Otro punto fundamental, de acuerdo con la psicóloga, es construir una identidad sólida antes de iniciar una vida matrimonial. Es importante preguntarse quién se es realmente, cómo se siente cada uno estando solo y qué puede aportar a la relación. Este proceso ayuda a evitar la codependencia emocional y permite establecer valores, límites y objetivos claros.
Aguilera manifestó que la comunicación es una herramienta indispensable para resolver conflictos. Resaltó que, por ejemplo, la llamada “ley del hielo” no soluciona los problemas, sino que los agrava. En cambio, recomendó expresar los sentimientos, reconocer los errores, pedir disculpas cuando sea necesario y escuchar a la pareja sin ponerse a la defensiva. Para ella, aceptar equivocaciones no es una señal de debilidad, sino de madurez emocional.
Por otra parte, consideró esencial conversar sobre temas prácticos antes del matrimonio. Entre ellos mencionó el manejo del dinero, la distribución de gastos, los planes de ahorro, la relación con las familias de origen y los límites que deben establecerse con suegros y otros familiares. También destacó la importancia de dialogar sobre la cantidad de hijos que desean tener y la forma en que serán criados.
Por otra parte, aclaró que el matrimonio no debe utilizarse como una vía de escape de problemas personales, familiares o sociales. Algunas personas toman esta decisión por presión externa o por miedo a quedarse solas, sin haber analizado realmente si están preparadas para asumir el compromiso. Para Aguilera, es fundamental preguntarse si el deseo de casarse nace del amor y de un proyecto de vida compartido.
Otro elemento clave es la madurez emocional. Sostuvo que las decisiones importantes no deben tomarse desde la ira o la impulsividad.

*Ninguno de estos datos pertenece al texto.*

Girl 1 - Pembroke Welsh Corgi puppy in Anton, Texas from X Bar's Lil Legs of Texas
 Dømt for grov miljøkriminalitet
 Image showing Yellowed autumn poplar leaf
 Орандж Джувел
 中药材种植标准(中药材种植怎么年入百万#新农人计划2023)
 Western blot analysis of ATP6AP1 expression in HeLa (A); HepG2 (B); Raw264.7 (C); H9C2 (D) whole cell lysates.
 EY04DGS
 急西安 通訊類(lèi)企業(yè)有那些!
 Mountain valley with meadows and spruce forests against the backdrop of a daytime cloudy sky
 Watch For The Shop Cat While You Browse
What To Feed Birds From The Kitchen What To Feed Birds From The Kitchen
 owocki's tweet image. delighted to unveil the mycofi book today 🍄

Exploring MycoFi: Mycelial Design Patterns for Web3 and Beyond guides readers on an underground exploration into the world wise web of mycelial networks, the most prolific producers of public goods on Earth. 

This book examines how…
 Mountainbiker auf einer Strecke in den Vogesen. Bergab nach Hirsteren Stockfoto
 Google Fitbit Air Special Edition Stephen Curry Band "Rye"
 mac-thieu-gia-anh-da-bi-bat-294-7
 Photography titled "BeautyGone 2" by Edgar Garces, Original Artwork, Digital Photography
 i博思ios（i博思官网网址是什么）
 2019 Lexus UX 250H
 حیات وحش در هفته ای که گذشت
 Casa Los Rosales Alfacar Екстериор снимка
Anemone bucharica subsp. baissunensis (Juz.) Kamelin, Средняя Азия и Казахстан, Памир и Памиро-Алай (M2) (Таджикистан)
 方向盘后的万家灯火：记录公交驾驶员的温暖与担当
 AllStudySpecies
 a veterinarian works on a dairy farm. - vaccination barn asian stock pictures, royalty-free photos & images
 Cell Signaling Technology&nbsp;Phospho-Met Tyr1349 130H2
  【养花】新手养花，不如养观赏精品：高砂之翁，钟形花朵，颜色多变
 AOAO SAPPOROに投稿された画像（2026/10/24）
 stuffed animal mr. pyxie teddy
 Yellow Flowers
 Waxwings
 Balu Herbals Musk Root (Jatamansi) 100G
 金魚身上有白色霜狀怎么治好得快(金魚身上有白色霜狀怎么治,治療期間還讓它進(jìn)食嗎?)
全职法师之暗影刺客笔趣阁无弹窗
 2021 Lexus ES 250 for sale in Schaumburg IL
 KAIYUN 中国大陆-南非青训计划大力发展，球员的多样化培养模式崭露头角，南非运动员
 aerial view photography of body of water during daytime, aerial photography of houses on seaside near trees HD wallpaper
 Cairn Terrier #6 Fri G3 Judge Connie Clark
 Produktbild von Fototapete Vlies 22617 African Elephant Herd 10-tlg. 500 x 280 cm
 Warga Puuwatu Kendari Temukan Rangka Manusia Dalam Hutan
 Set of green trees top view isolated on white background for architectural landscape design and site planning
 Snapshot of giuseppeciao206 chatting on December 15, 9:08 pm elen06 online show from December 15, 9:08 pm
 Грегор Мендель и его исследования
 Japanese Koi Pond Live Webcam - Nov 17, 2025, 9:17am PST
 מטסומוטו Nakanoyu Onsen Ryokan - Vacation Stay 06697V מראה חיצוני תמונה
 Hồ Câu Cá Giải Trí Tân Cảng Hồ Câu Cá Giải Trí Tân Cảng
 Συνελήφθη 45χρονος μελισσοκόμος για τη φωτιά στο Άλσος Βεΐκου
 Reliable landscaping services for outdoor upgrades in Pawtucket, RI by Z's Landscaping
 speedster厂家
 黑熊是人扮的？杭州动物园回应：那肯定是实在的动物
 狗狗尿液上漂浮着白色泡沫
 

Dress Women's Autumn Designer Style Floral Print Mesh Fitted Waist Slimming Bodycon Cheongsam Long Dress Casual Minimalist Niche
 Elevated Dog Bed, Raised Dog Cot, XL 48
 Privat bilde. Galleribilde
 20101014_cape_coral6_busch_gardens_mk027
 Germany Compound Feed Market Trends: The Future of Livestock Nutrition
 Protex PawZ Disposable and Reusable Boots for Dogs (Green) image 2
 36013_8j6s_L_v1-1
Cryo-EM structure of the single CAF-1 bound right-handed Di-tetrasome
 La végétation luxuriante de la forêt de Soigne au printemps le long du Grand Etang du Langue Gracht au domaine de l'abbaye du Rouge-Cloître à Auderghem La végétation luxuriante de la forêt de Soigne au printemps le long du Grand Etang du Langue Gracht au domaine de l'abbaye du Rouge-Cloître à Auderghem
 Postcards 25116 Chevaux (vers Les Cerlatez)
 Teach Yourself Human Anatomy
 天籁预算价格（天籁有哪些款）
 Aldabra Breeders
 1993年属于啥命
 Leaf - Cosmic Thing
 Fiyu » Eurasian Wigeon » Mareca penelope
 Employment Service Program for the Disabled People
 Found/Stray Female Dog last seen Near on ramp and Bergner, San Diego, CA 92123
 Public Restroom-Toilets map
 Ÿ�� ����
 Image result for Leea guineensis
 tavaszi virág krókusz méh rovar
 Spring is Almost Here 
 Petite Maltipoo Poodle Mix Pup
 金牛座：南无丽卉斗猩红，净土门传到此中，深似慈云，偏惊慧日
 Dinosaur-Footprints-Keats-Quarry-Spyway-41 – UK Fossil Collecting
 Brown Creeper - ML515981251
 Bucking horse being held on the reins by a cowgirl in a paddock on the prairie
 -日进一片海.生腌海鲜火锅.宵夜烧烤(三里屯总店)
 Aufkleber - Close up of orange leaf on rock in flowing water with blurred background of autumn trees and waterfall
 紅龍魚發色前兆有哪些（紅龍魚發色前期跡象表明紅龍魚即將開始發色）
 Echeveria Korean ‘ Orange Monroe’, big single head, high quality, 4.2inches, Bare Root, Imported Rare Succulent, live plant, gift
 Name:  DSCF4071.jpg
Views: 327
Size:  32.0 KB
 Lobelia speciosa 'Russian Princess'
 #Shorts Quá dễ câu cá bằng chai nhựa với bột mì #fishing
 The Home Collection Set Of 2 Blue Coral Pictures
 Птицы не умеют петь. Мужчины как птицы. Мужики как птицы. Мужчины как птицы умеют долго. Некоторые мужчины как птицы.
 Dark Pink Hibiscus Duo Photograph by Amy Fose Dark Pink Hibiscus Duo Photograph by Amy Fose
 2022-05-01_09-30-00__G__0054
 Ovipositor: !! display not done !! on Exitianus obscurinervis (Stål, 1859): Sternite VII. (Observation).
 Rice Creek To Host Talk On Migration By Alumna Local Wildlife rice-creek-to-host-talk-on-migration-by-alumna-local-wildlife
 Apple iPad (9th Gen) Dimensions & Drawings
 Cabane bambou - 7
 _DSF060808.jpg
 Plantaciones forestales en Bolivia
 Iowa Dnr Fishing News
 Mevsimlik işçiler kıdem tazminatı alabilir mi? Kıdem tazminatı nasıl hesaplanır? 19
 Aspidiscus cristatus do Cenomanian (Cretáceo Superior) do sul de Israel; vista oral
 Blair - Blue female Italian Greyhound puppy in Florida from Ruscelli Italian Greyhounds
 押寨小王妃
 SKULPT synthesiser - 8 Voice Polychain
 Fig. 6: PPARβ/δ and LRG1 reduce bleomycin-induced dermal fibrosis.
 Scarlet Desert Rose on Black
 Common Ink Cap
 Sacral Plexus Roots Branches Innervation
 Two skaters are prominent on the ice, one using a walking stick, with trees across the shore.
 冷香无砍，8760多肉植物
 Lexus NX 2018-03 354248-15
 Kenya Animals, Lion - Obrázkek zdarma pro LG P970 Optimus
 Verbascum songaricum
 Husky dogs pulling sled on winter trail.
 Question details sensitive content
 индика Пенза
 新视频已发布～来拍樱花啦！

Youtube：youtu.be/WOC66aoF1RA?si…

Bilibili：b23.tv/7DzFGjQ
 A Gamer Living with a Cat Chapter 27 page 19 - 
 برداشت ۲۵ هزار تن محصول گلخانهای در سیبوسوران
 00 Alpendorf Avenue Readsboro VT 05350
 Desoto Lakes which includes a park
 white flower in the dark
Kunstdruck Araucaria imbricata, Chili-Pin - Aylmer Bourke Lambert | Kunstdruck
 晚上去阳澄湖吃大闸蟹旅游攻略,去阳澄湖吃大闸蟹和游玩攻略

Por el contrario, la pareja debe estar dispuesta a afrontar juntos los momentos difíciles, aprender de los errores y fortalecer la relación con cada desafío que se presente.
Cada persona debe preguntarse si realmente está preparada para el matrimonio y si la persona elegida es la indicada. La profesional afirmó que valores como el respeto, la lealtad, la confianza, la comprensión y la capacidad de escuchar son pilares fundamentales para construir una relación duradera. El matrimonio es una decisión profunda que requiere conciencia, compromiso y la voluntad de crecer juntos tanto en los buenos como en los malos momentos.